The Fraunhofer Research Institution for Electronic Nano Systems (ENAS) introduced the first scientific results of a German-Japanese research cooperation together with the Japanese research group of Prof. Dr. Thomas Gessner in the World Premier International Research Center - Advanced Institute for Material Research (short: WPI-AIMR) at the nano tech 2010 in Tokyo/Japan. 

Prof. Gessner, director of Fraunhofer ENAS and president of Center for Microtechnologies at the Chemnitz University of Technology, is one of the Principal Investigators within the framework of WPI-AIMR at the Tohoku University. His researcher group in the thrust Device/System is leaded by Prof. Dr. Yu-Ching Lin. Four researchers and one exchange student from Germany work in this group together.

They focus their investigations on bonding by using nano structures and metallic glass as well as MEMS (micro-electro-mechanical systems) with innovative functional materials. The researchers analyze applications of metallic glass in micro systems. Therefore metallic glass combines desirable attributes like high strength, good wear-resistance and electrical conductivity.
Metallic Glass
Image credit: Advanced Institute for Materials Research 

The German-Japanese cooperation showed the first qualified samples of the novel material for application in micro systems at the nano tech 2010 in Tokyo in February.

Additionally the Fraunhofer scientists demonstrated possible applications for the printed battery, a common development of the Institute for Print and Media Technology at the Chemnitz University of Technology and the Menippos GmbH. These small, extremely flat and environmental friendly batteries can be used as power source for small displays.

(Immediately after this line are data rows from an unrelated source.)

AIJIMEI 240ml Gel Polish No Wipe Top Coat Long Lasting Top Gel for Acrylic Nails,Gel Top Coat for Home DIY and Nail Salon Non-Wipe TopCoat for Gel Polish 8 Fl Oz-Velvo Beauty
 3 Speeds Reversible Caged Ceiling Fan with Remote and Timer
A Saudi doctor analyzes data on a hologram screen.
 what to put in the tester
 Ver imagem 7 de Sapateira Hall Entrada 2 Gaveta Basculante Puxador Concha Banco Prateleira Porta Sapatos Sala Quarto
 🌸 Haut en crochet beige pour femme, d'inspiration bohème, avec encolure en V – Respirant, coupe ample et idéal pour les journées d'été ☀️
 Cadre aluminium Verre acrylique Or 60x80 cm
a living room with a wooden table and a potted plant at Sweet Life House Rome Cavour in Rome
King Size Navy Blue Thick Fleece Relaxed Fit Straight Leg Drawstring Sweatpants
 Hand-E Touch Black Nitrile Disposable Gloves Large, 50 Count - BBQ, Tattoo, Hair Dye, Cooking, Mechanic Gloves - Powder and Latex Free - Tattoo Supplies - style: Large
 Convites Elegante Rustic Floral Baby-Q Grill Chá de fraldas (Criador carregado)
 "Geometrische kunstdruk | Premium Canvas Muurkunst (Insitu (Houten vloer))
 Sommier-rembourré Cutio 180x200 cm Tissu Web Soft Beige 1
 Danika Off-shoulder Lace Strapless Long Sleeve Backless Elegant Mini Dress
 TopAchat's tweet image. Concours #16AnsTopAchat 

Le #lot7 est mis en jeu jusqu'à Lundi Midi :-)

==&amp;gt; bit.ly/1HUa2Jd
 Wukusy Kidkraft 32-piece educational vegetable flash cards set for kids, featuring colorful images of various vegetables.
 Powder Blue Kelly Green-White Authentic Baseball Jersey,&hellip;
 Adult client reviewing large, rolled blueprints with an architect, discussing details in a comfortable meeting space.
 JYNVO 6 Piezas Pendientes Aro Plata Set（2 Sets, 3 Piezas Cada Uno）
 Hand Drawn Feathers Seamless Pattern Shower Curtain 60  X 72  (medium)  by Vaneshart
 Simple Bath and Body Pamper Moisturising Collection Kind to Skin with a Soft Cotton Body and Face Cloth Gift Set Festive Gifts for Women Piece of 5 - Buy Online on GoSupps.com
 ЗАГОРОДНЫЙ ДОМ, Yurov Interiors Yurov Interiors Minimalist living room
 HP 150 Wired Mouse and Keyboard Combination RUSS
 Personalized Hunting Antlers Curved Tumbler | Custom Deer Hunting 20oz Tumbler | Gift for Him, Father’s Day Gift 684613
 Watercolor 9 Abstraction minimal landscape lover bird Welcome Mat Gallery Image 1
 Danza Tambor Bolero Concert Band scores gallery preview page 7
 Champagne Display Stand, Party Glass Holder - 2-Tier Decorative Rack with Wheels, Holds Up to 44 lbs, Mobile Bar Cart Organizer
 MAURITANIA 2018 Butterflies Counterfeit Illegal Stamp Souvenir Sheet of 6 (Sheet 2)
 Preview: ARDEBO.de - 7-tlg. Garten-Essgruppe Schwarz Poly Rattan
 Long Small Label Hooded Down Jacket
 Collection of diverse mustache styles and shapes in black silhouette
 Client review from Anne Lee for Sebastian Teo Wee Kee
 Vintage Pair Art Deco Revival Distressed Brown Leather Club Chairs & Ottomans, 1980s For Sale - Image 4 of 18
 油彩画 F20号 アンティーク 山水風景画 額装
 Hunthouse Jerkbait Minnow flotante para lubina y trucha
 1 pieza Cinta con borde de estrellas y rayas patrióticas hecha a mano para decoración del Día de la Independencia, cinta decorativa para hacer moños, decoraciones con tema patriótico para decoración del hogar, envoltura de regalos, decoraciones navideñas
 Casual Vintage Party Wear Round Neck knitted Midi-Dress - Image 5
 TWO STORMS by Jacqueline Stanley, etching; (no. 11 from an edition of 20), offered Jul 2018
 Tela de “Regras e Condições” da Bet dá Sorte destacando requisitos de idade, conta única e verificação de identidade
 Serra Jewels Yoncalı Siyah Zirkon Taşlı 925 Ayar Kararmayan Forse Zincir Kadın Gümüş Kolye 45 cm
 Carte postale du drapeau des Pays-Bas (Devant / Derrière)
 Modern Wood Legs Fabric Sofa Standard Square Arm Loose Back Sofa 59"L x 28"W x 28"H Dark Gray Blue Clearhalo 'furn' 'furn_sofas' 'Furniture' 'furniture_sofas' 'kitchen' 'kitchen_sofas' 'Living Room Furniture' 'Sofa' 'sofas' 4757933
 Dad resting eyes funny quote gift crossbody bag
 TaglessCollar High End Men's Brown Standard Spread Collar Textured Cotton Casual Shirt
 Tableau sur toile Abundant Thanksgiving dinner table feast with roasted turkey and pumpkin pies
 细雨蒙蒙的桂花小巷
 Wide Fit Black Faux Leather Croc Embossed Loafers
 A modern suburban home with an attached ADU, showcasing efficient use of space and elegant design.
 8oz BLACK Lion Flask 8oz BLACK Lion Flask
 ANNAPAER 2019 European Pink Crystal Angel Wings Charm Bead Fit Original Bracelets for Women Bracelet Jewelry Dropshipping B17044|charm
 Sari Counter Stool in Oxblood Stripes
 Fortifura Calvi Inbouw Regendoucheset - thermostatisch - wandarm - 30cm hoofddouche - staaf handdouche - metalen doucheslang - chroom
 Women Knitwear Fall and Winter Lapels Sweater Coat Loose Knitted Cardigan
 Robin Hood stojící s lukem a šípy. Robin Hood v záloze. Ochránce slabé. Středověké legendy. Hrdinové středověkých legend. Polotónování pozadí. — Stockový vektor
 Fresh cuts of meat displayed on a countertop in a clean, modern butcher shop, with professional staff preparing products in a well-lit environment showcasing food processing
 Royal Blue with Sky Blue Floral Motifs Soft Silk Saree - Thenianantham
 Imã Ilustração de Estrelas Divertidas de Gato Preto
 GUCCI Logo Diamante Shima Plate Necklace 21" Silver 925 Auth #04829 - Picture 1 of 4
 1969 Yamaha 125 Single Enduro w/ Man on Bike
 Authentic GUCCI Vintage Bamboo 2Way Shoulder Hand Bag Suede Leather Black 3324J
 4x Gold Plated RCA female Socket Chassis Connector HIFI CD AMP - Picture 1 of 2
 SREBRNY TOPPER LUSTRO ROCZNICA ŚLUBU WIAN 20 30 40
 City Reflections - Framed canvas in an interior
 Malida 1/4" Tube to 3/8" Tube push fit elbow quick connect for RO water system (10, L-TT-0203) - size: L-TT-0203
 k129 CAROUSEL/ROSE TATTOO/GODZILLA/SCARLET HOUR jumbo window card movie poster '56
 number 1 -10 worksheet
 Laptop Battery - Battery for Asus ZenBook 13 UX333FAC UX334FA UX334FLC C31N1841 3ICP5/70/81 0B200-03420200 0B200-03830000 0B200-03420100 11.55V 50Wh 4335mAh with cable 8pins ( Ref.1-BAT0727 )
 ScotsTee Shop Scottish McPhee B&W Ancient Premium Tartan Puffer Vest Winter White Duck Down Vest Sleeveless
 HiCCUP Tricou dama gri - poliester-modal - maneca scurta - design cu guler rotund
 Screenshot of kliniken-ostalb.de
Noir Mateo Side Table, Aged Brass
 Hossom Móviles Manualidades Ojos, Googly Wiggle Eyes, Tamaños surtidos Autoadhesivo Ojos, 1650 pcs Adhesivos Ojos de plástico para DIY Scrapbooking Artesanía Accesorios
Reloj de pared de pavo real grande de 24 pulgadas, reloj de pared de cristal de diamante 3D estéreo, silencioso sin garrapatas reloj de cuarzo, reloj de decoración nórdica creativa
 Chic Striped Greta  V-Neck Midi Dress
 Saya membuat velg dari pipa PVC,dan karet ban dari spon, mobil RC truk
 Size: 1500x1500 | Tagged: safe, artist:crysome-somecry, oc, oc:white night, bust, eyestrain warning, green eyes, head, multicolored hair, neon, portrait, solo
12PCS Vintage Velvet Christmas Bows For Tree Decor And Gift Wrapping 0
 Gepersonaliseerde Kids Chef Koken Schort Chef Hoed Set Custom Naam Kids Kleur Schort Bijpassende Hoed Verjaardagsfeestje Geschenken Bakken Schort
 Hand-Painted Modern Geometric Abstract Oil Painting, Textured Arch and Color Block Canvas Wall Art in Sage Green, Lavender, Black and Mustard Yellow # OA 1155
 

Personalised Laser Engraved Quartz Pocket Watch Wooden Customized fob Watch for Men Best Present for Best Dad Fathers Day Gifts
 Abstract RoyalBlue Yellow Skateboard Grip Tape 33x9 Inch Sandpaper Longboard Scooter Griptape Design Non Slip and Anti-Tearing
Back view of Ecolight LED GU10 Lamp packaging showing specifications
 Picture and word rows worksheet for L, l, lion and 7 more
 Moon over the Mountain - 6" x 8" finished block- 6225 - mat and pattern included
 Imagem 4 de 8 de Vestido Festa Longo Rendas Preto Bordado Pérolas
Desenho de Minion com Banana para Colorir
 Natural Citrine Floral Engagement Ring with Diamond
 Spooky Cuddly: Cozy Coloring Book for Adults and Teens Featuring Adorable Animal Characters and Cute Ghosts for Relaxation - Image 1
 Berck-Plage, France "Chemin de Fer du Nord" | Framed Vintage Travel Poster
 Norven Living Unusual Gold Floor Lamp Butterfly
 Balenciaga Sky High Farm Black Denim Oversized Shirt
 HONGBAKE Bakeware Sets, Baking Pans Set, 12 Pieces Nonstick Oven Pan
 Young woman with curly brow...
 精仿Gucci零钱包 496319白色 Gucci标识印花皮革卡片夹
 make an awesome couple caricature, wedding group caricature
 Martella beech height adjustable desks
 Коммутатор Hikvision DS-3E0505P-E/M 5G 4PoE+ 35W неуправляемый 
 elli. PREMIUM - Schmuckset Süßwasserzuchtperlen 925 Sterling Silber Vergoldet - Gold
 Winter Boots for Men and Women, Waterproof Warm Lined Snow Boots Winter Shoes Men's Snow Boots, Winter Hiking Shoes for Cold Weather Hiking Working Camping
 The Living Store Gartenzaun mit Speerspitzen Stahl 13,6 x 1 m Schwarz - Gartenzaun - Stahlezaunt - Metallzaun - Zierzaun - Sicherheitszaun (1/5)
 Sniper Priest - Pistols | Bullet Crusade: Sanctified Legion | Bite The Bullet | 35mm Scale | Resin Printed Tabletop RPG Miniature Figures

The New York Times Magazine chose the printed battery to one of the five best ideas of the year 2009 in the category technology.

World Premier International Research Center:  The Tohoku University in Sendai belongs to the five selected World Premier International Research Centers (short: WPI) in Japan. The WPI is a project of the Japanese ministry for education, culture, sports, sciences and technology. The WPI-AIMR started in Sendai in October 2007 and is specialized in the multidisciplinary development of novel materials and functional principles.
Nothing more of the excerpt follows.